§ Your instructions
Give the data again exactly as it appears, excluding any pictures.

§ Provided records
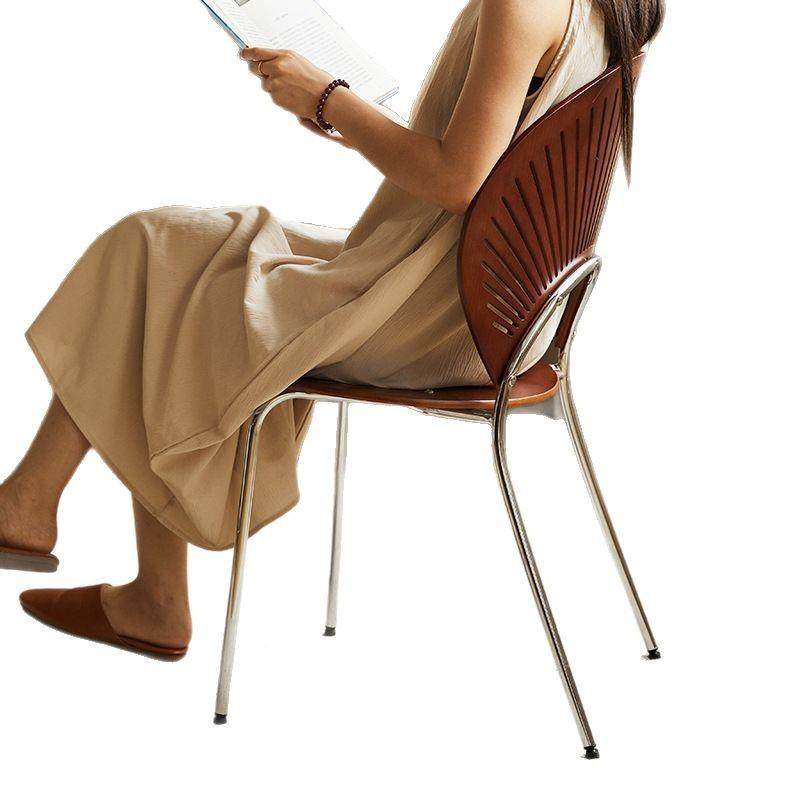 实木餐椅贝壳椅用简约靠桌背家餐椅子复古实木贝壳中古茶轻奢感木,淘宝优惠券,粉丝福利购,淘宝优惠卷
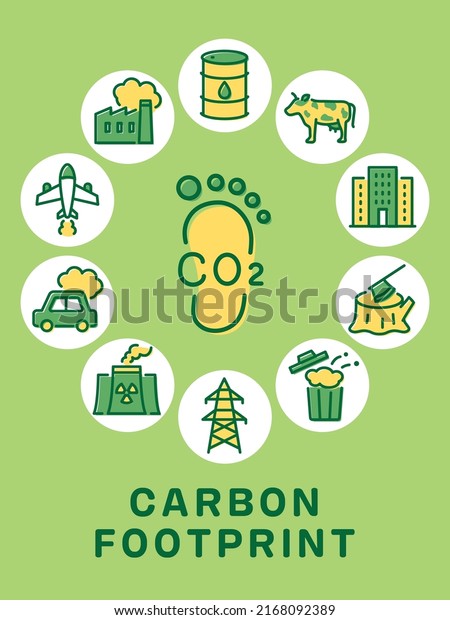 Carbon\
footprint vector colorful icon. round\
frame.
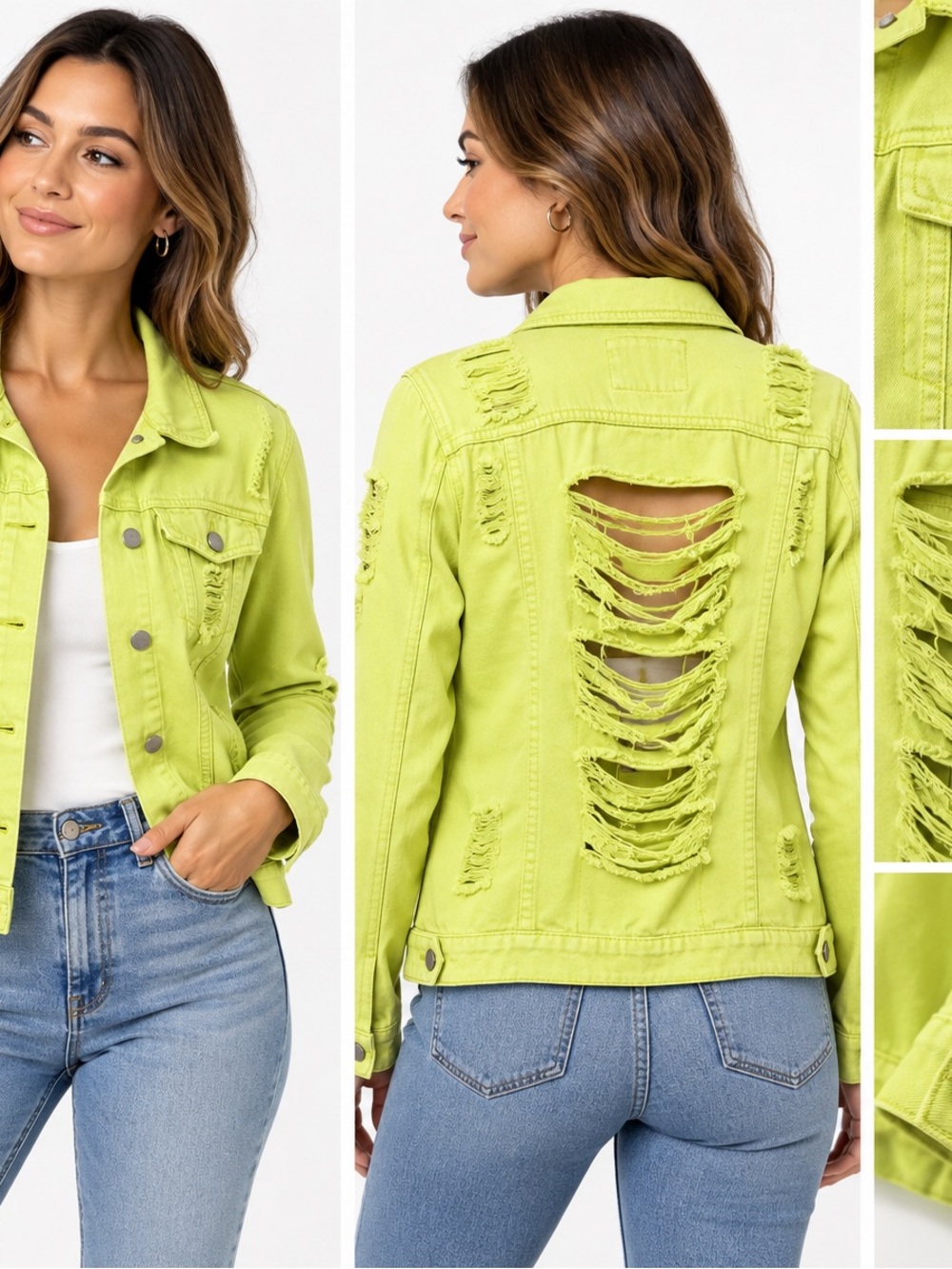 American Bazi 100% Cotton Bright Lime Distressed Denim Jacket S
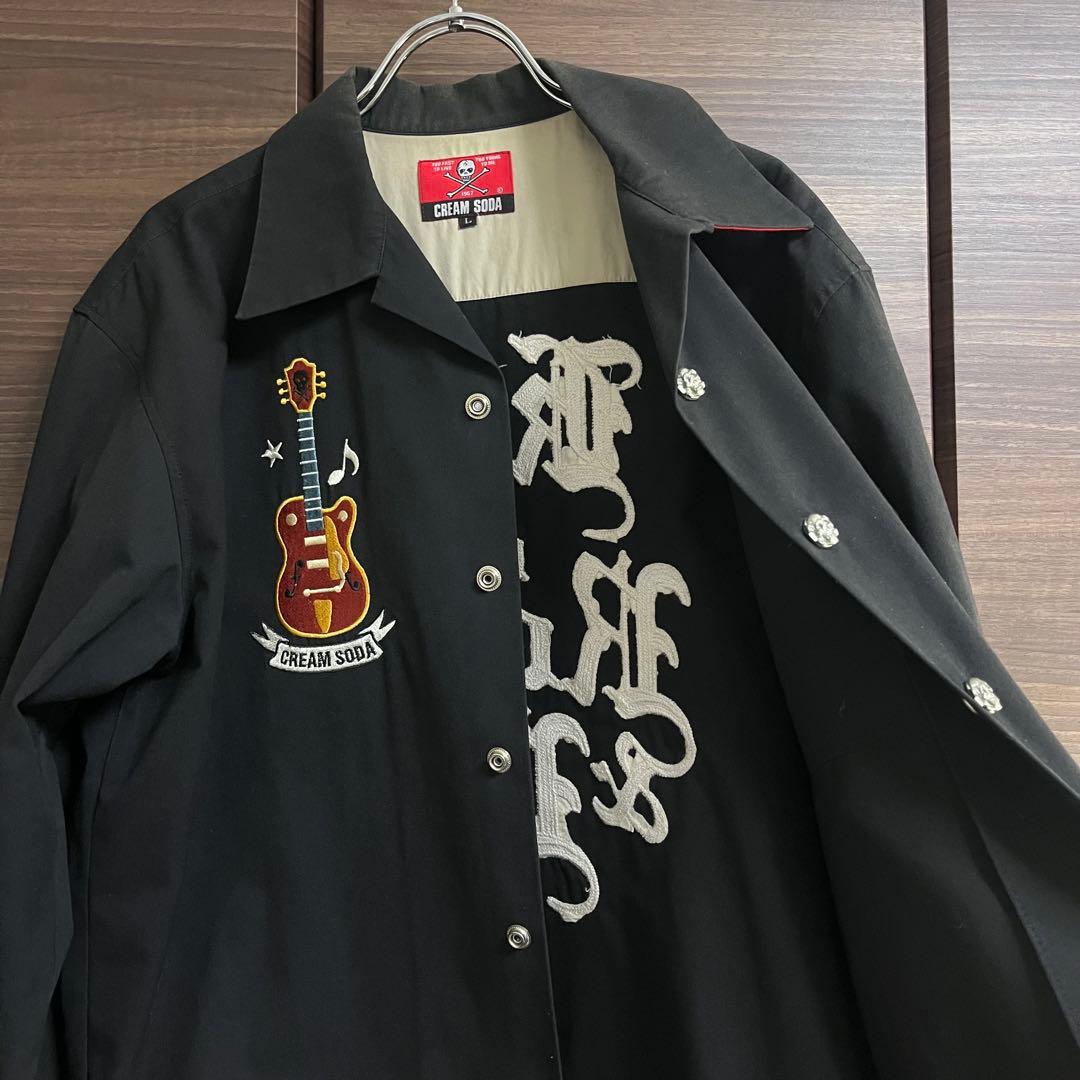 クリームソーダ ワークジャケット ボーリングシャツ L 黒ドクロボタン 35周年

§ Expected output
 实木餐椅贝壳椅用简约靠桌背家餐椅子复古实木贝壳中古茶轻奢感木,淘宝优惠券,粉丝福利购,淘宝优惠卷
 Carbon\
footprint vector colorful icon. round\
frame.
 American Bazi 100% Cotton Bright Lime Distressed Denim Jacket S
 クリームソーダ ワークジャケット ボーリングシャツ L 黒ドクロボタン 35周年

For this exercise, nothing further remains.